++++ The data ++++
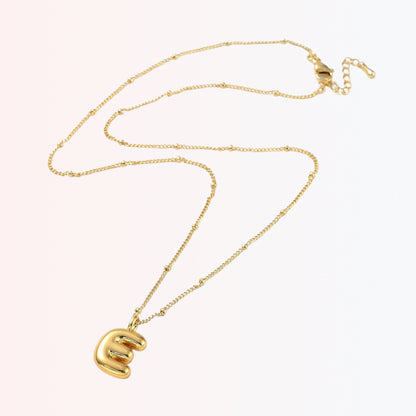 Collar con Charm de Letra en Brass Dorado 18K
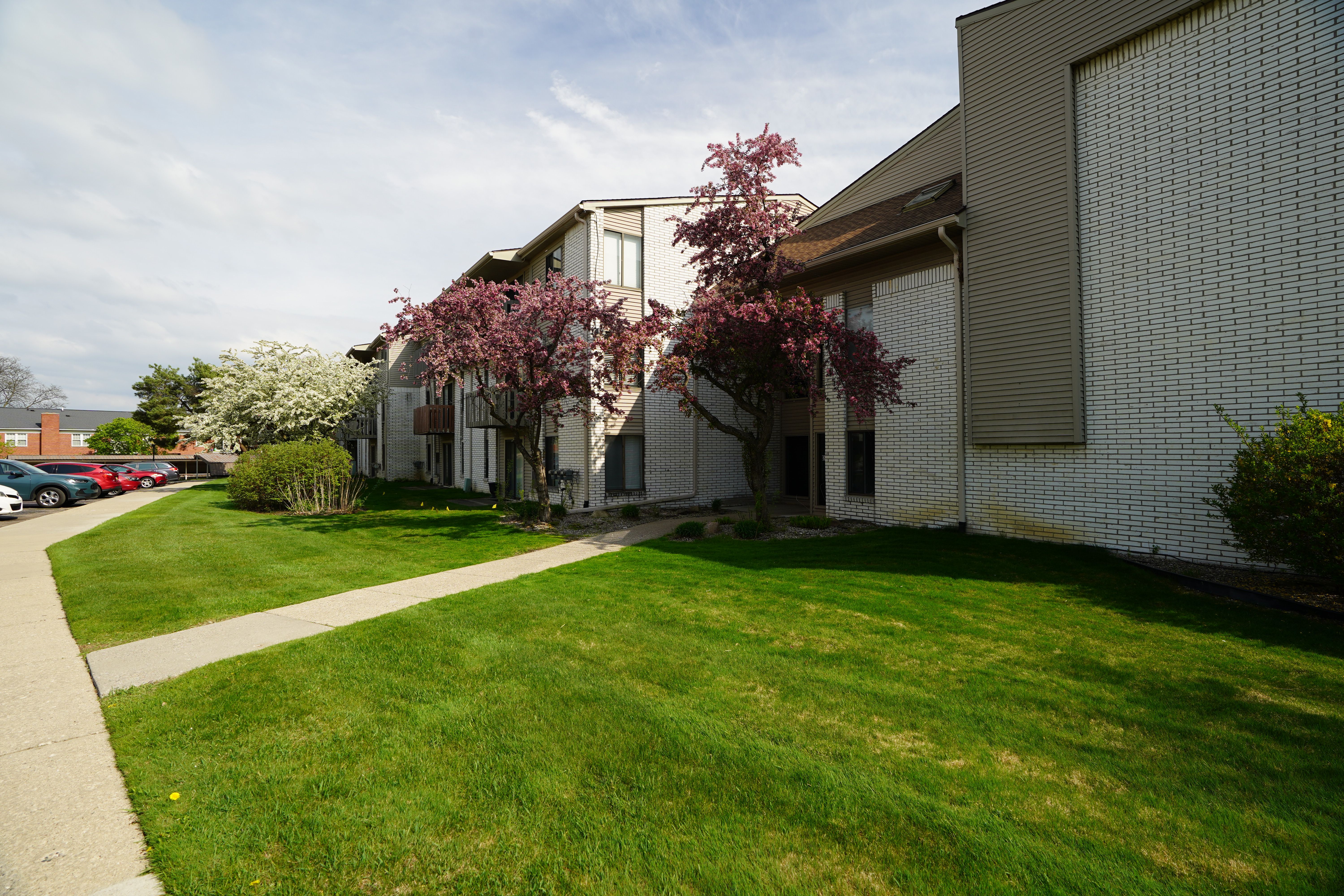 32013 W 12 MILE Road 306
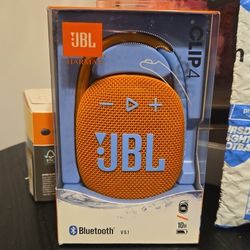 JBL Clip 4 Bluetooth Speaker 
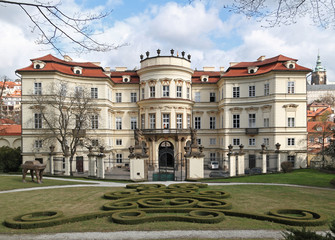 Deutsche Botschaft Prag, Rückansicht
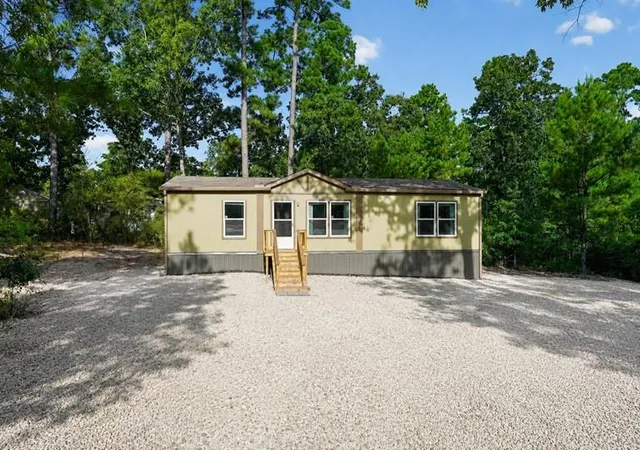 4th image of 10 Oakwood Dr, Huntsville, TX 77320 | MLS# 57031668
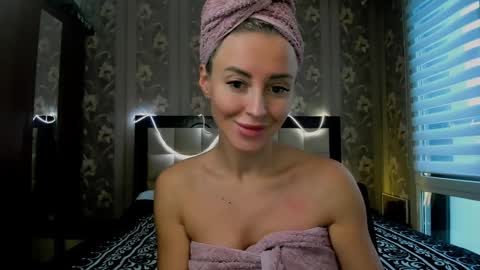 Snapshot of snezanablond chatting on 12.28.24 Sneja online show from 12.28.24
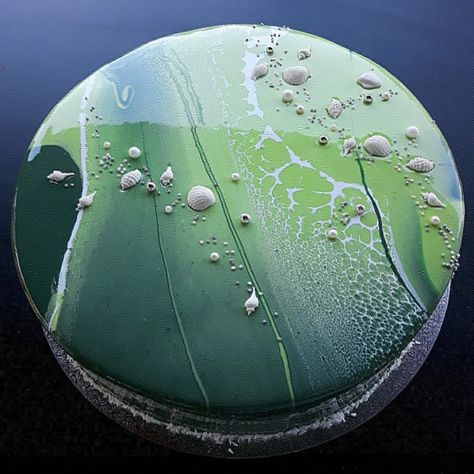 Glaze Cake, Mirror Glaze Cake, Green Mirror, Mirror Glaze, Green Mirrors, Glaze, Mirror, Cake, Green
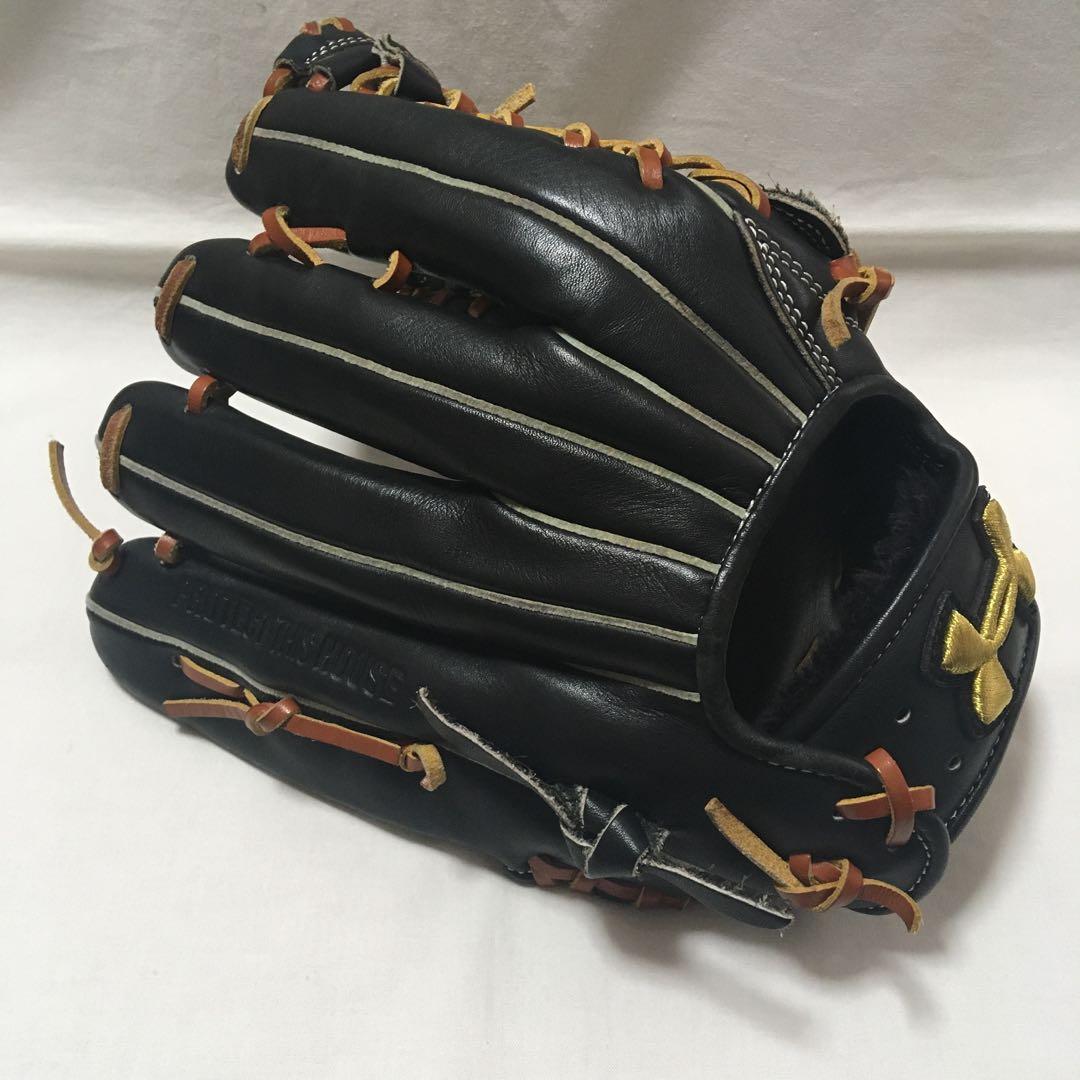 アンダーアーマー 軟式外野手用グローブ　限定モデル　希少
++++
++++ The data ++++
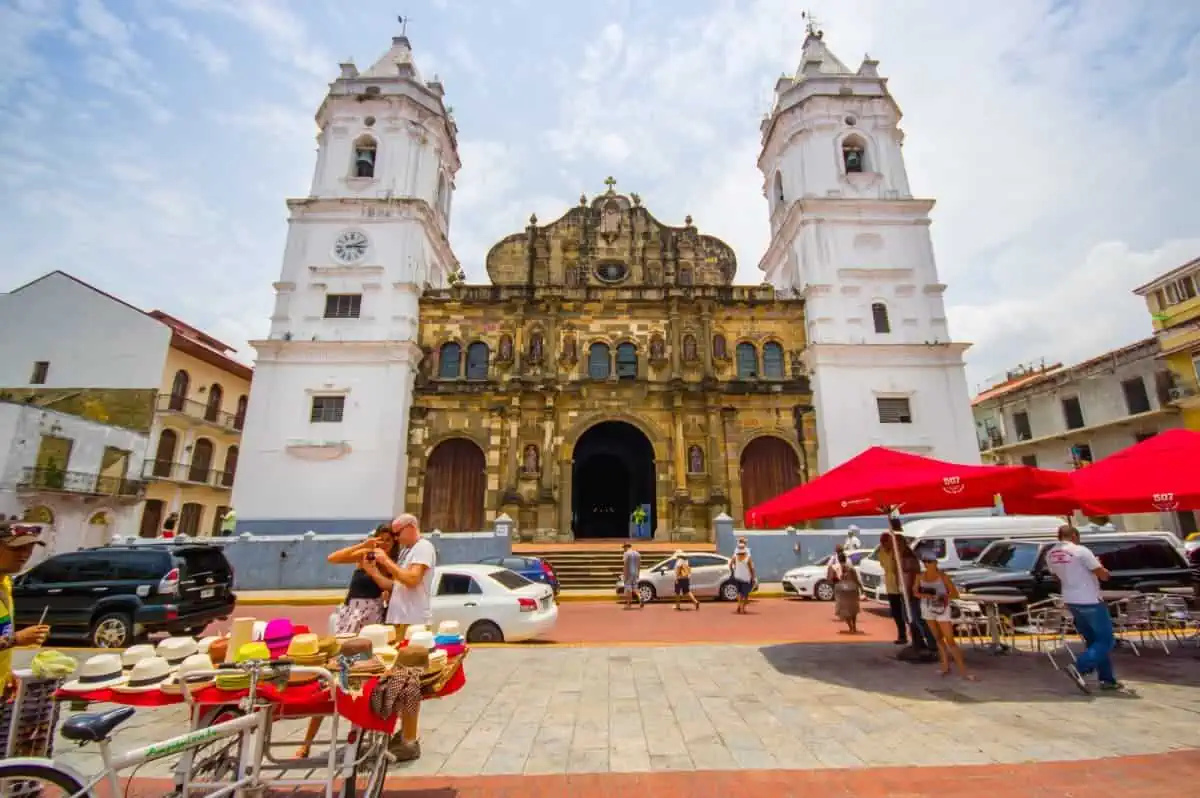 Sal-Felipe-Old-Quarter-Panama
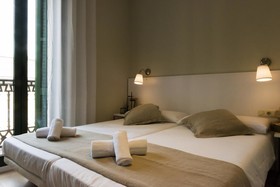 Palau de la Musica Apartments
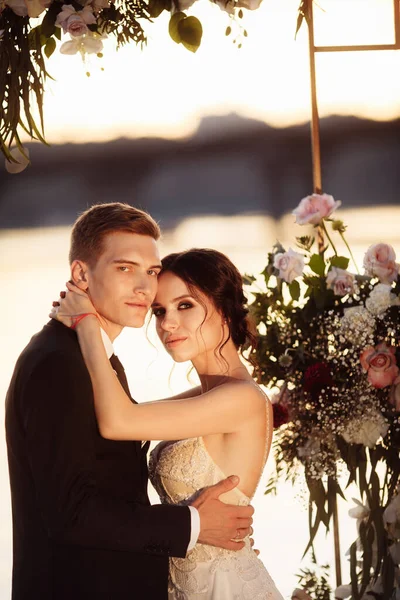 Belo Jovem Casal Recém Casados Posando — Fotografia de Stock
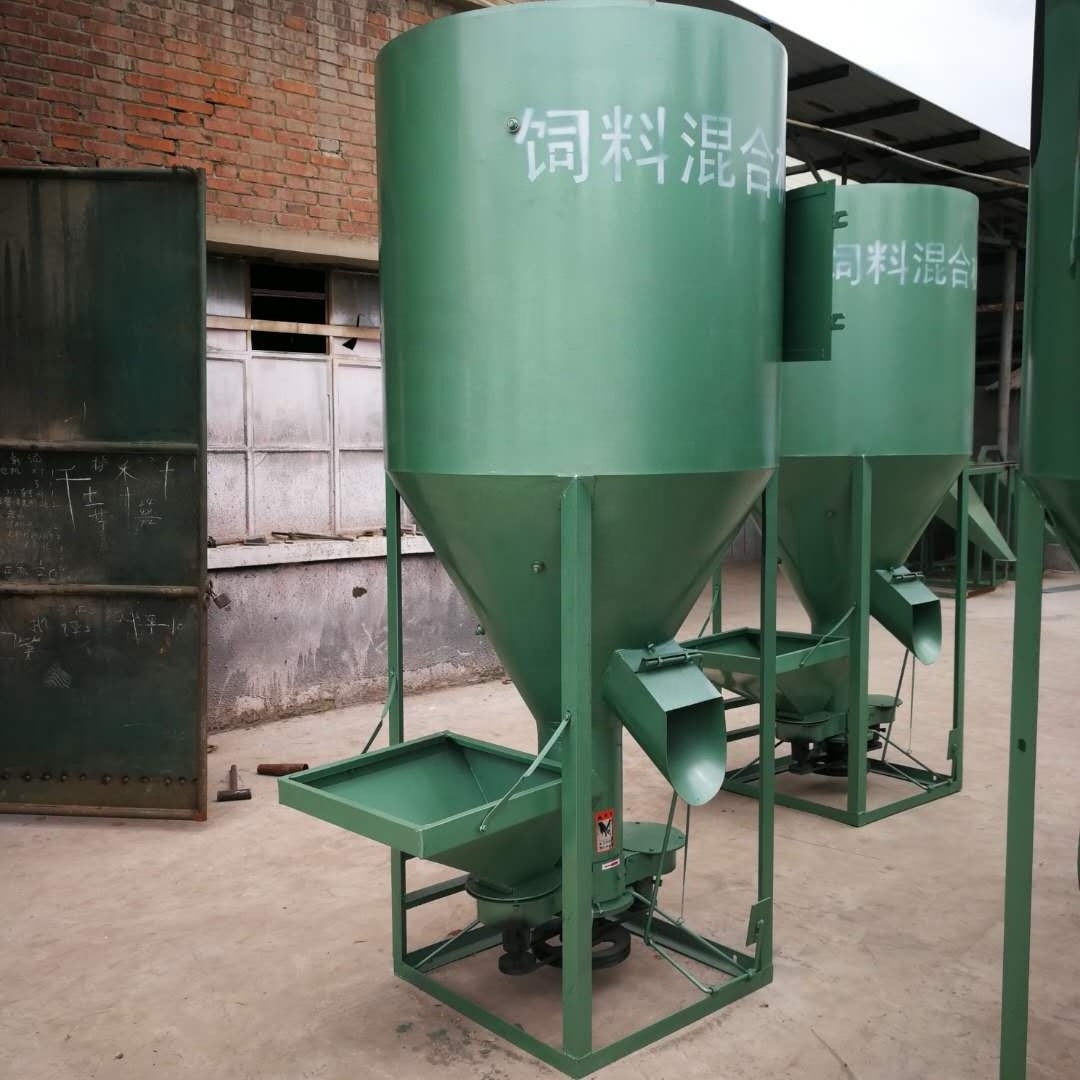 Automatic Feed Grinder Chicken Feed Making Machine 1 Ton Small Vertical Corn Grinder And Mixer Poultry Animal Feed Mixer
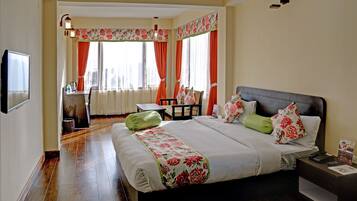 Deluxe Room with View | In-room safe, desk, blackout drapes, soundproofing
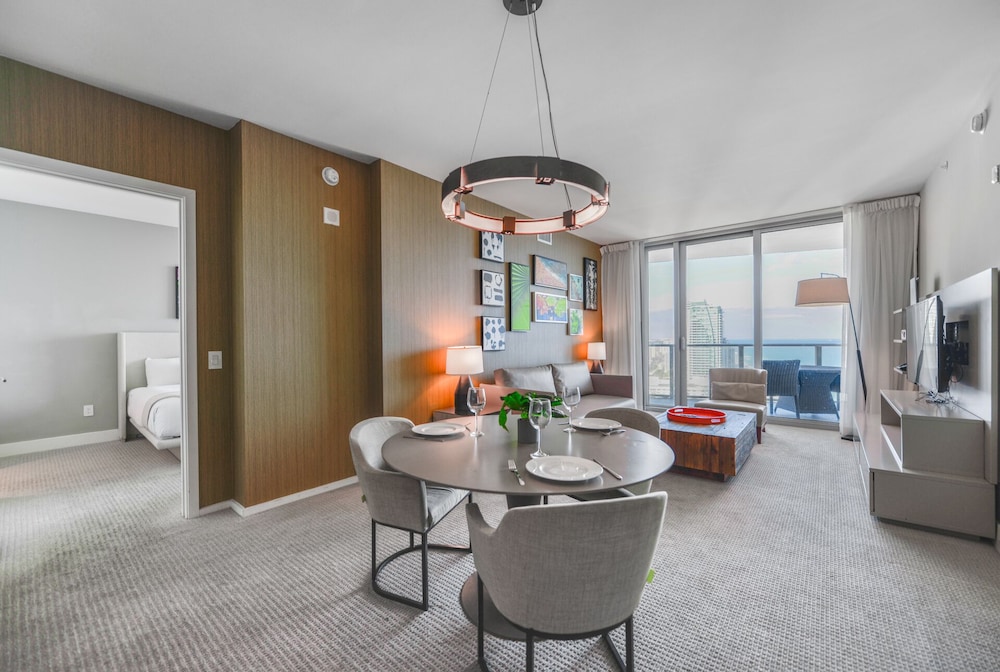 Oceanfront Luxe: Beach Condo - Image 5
++++
_Problem_
Above are entries with pictures among them. Write out exactly the lines from the one containing "Snapshot of snezanablond" through the one containing "アンダーアーマー 軟式外野手用グローブ　限定モデル　希少", ends included, and leave those pictures out.

_Expected answer_
 Snapshot of snezanablond chatting on 12.28.24 Sneja online show from 12.28.24
 Glaze Cake, Mirror Glaze Cake, Green Mirror, Mirror Glaze, Green Mirrors, Glaze, Mirror, Cake, Green
 アンダーアーマー 軟式外野手用グローブ　限定モデル　希少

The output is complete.